=== PROVIDED MATERIAL ===
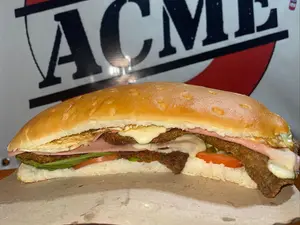 Sandwich lechuga y tomate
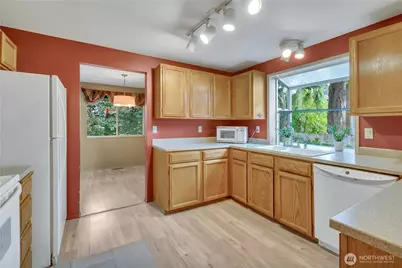 5512 Lakeland Hills Way SE, Auburn, WA 98092 - Photo 14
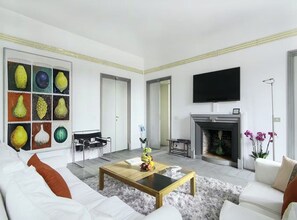 Fernseher, Kamin, DVD-Player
===
WHAT TO WORK ON
Apart from its pictures, the data is to be repeated exactly.

OUTPUT
 Sandwich lechuga y tomate
 5512 Lakeland Hills Way SE, Auburn, WA 98092 - Photo 14
 Fernseher, Kamin, DVD-Player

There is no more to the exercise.